Fueron días buenos. Había elegido a 20 personas realmente importantes para avisarles que haría este experimento, que me suicidaría digitalmente en Facebook porque ya no me hacía feliz ser esa persona ni tener ese círculo social que había creado artificialmente con un algoritmo. Les dije que ellos y ellas estaban recibiendo ese mensaje porque eran importantes en mi mundo real. De 20, menos de la mitad me buscaron para tomar un café, compartir una comida o al menos tener una larga charla telefónica, sí, como antes, donde se escucharan las voces y las risas en tiempo real. Sin emoticonos. Con carcajadas de verdad.
LA PAZ
El día del debate de los candidatos a la presidencia me ahorré muchos disgustos porque no tuve que leer estériles debates pseudo intelectuales de mis pseudo amigos. ¡La paz había llegado a mi vida!
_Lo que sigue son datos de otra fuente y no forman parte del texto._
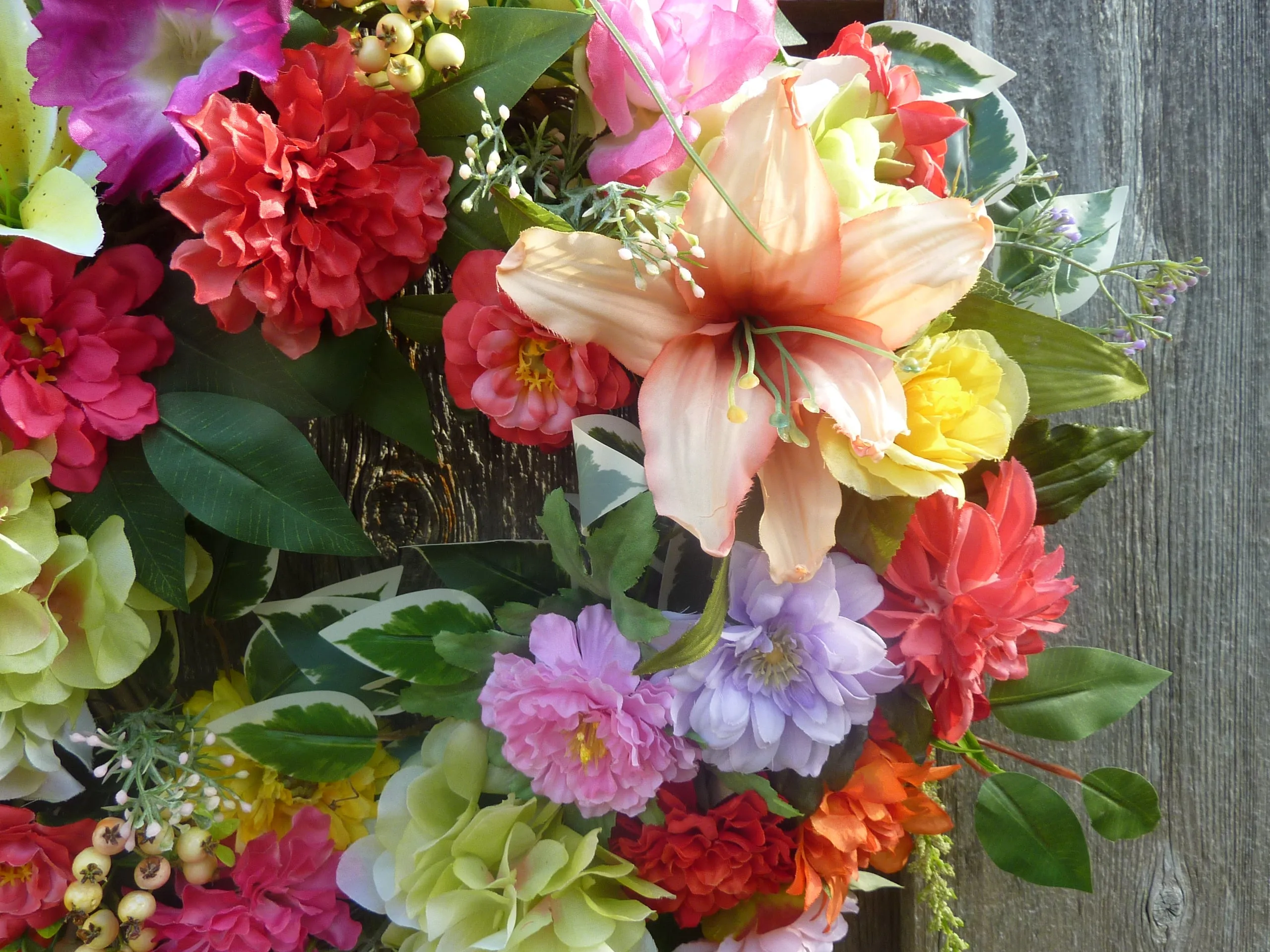 Bright floral wreath for your front door, Summer wreath, spring wreath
Claro que me perdi también de muchas cosas pero lo mejor fue que comencé a valorar y a darme cuenta de quienes realmente quieren ser parte de mi vida. En lo personal, algunos de mis contactos, que se habían acostumbrado a mi exceso de publicaciones en Facebook me buscaron preocupadas. Querían saber si estaba bien. Otras enfocaron su preocupación en si yo estaba enojada o si les había bloqueado, ya saben, el asesinato social de nuestra era.
En lo laboral tampoco tuve problemas. Whatsapp es más que suficiente para resolver trabajo remoto, igual que la Google Suite para trabajo en línea y para el networking, mi regreso a LinkedIn dio tan buen resultado que en las tres semanas que duró este experimento me buscaron tres headhunters para hacerme ofertas atractivas de trabajo o negocios.
SIN CUENTA NUEVA
Cuando empecé este afán de enterrar esas horas conversando con mis amores platónicos, mis amores fallidos, mis amores consumados y con mis amores finiquitados, tenía claro que cuando el experimento terminara yo regresaría a Facebook pero con una nueva estrategia o, mejor dicho, esta vez sí con una estrategia. No quería volver a revolver a mi familia con amigos de la infancia, con amores, amantes, colegas y demás categorías. Sin embargo, hoy que estoy en el día 23 del experimento sigo sin estar segura si deseo un “borrón y cuenta nueva” o un “borrón definitivo”.
A Facebook le debo mucho y la red social también me debe mucho a mí. Fui una early adopter, me enganché antes de que nos invadiera la publicidad, cuando no era más que el chismógrafo del milenio pero todo ciclo tiene un final y para nosotros, ese momento llegó y, sólo por hoy, digo que no hay vuelta atrás. Ya veremos qué digo mañana. De momento sigo sin cuenta nueva.